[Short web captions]
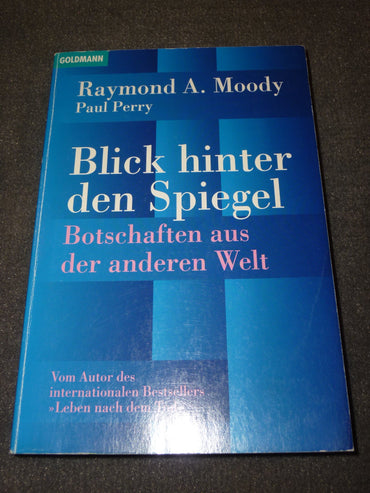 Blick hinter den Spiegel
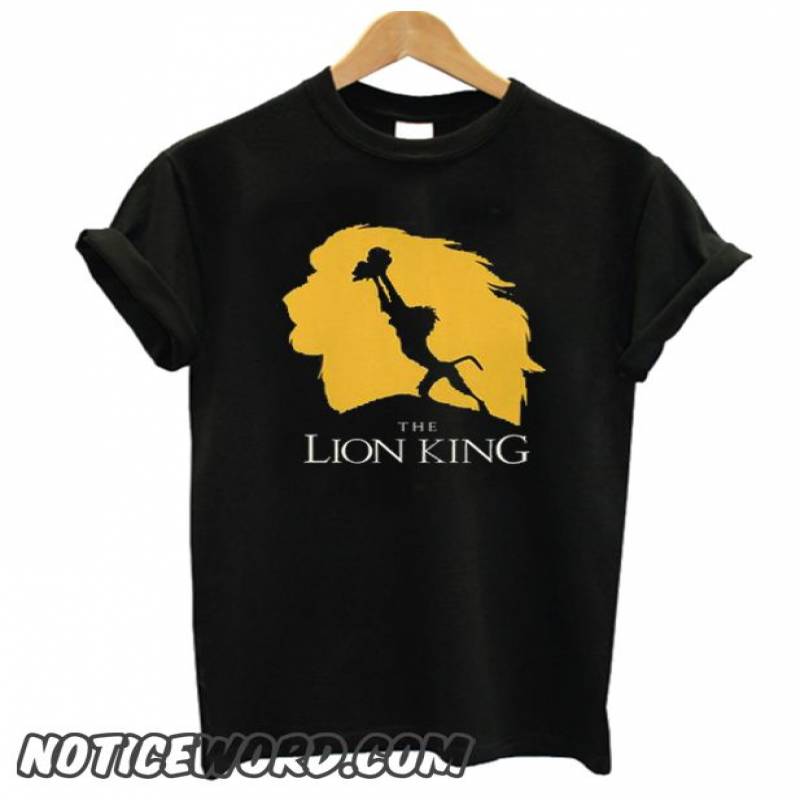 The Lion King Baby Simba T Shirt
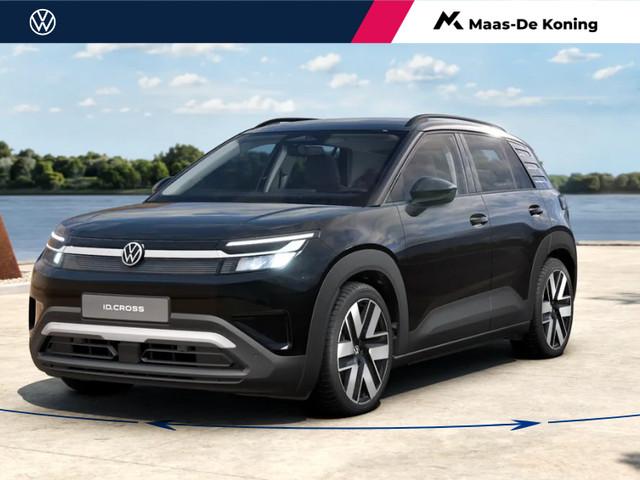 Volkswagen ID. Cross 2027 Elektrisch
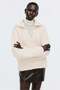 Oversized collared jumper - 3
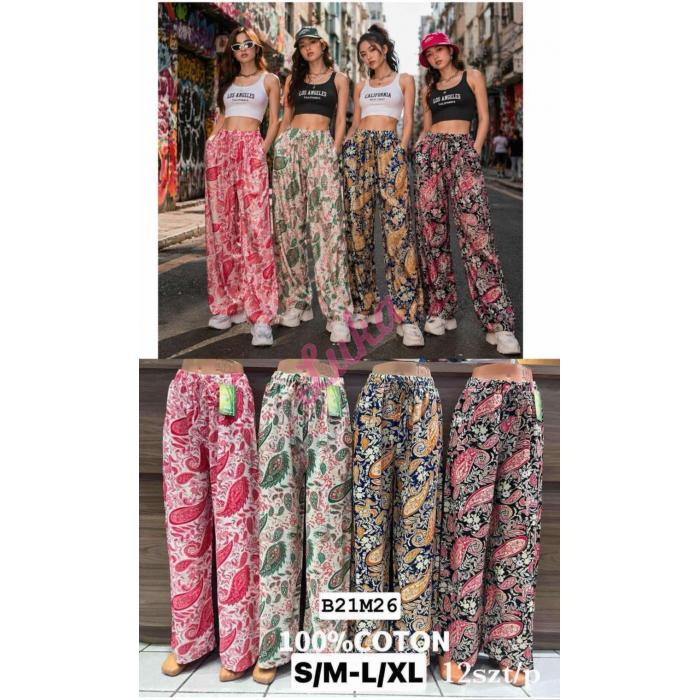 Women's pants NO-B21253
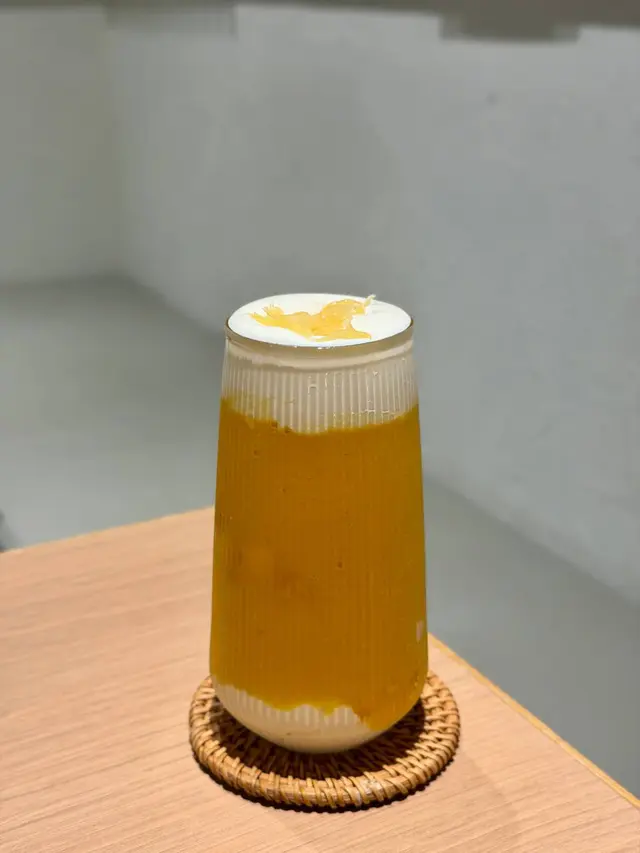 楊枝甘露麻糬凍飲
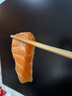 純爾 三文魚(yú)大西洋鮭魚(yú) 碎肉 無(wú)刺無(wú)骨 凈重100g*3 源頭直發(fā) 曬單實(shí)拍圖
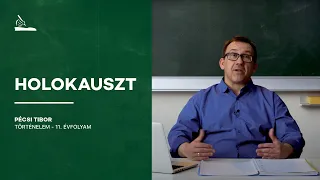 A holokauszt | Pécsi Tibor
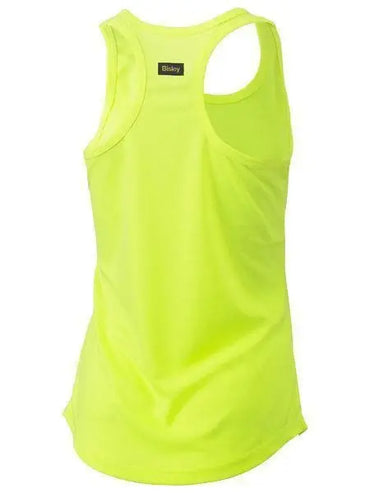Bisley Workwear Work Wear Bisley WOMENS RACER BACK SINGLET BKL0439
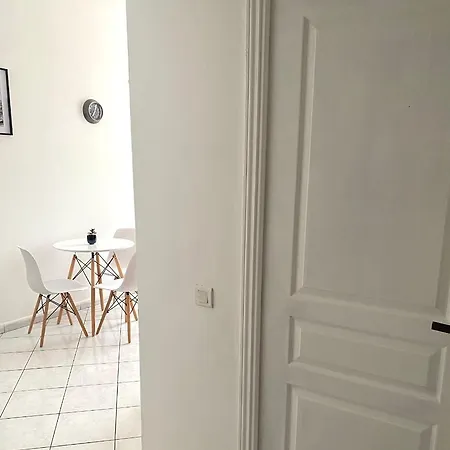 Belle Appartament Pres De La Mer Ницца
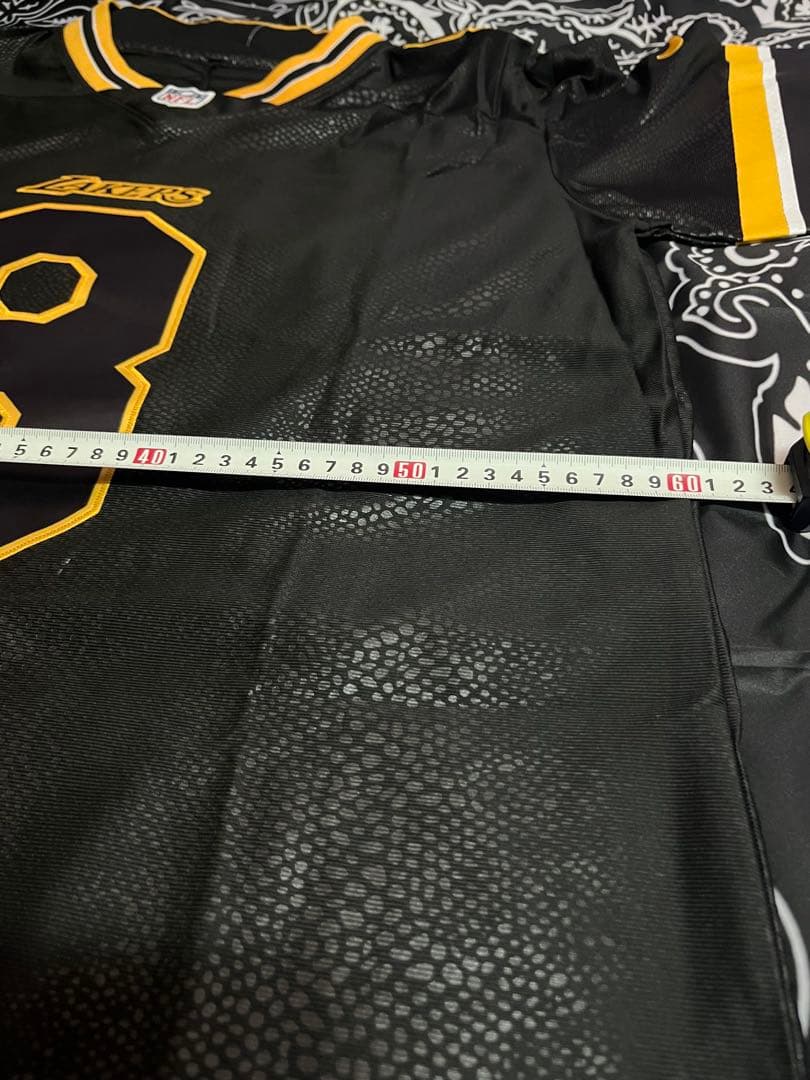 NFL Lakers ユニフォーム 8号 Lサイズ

> **EXERCISE**: Your answer must be an exact reproduction of all entries, containing no pictures.

> **WRITTEN ANSWER**:
 Blick hinter den Spiegel
 The Lion King Baby Simba T Shirt
 Volkswagen ID. Cross 2027 Elektrisch
 Oversized collared jumper - 3
 Women's pants NO-B21253
 楊枝甘露麻糬凍飲
 純爾 三文魚(yú)大西洋鮭魚(yú) 碎肉 無(wú)刺無(wú)骨 凈重100g*3 源頭直發(fā) 曬單實(shí)拍圖
 A holokauszt | Pécsi Tibor
Bisley Workwear Work Wear Bisley WOMENS RACER BACK SINGLET BKL0439
 Belle Appartament Pres De La Mer Ницца
 NFL Lakers ユニフォーム 8号 Lサイズ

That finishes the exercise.